Image created by Dr. Michael J. Miller
Researchers have developed a robotic platform that identifies Gram-positive and Gram-negative bacteria through touch-based electrical signals, without staining or chemical labels. The study achieved rapid classification within 0.62 seconds and 90.93% accuracy.
Fast identification of bacteria is important in healthcare, food safety, environmental monitoring, and infection control. One of the most common first steps is Gram classification, which separates bacteria into Gram-positive and Gram-negative groups. This information can help guide early treatment decisions and safety responses. However, conventional Gram staining requires several chemical steps, trained personnel, and manual interpretation.
This study was recently selected as a cover article in Nano Energy, highlighting its potential impact in rapid bacterial sensing and automated biomedical analysis.
A research team led by Prof. Zong-Hong Lin at National Taiwan University has developed a robotic sensing platform that identifies bacteria through touch. The system uses a flexible sensor mounted on a robotic gripper. When the robot gently contacts a bacterial sample, the surface of the bacteria produces a small electrical signal. Because Gram-positive and Gram-negative bacteria have different cell wall structures, they generate different signal patterns.

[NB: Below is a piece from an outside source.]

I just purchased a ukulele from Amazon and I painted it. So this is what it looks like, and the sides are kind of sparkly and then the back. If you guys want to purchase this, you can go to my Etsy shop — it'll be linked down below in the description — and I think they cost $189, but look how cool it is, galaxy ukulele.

The team tested representative bacteria including Escherichia coli, Staphylococcus aureus, Staphylococcus epidermidis, and Pseudomonas aeruginosa. By combining signals from two sensing materials and analyzing the patterns with a computer model, the system achieved 90.93% accuracy in distinguishing Gram-positive and Gram-negative bacteria. The response time was only 620 milliseconds.

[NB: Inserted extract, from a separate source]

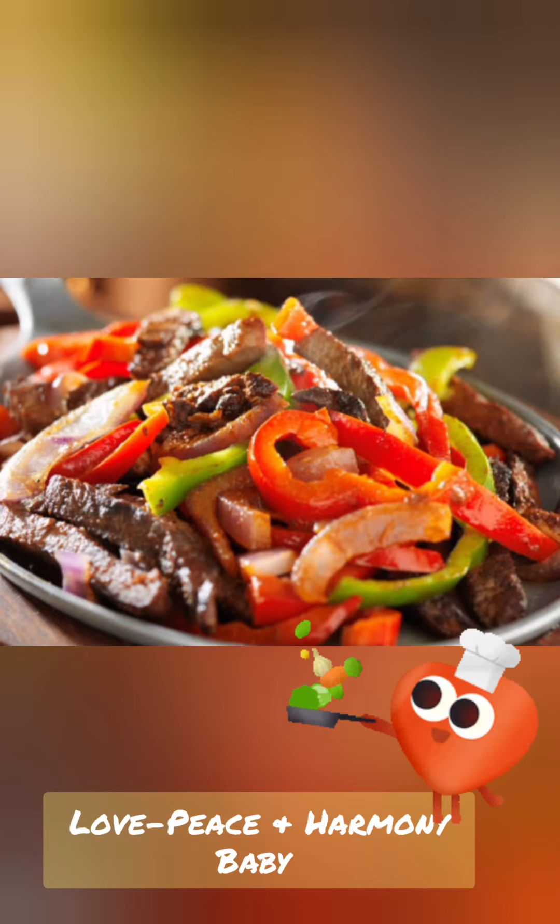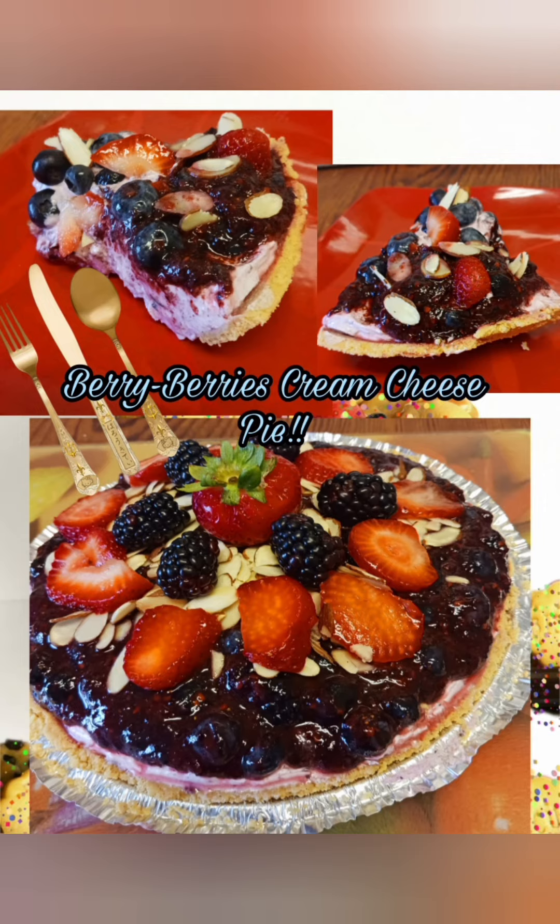Those sausages and peppers — mamma mia. Can you believe all the things we can do with a tortilla? This berry-berry cream cheese pie is scrumptious.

This approach offers several practical advantages. It does not require staining reagents or additional labels, and the robotic platform reduces the need for direct human handling of bacterial samples. The method is also non-destructive, meaning it may be useful for future systems that need repeated or automated monitoring.
The researchers envision that this touch-based sensing strategy could contribute to faster point-of-care diagnostics, automated microbiology workflows, and safer bacterial monitoring in healthcare and environmental settings. Further development could expand the platform to broader pathogen panels, including antibiotic-resistant bacteria and other clinically important microorganisms.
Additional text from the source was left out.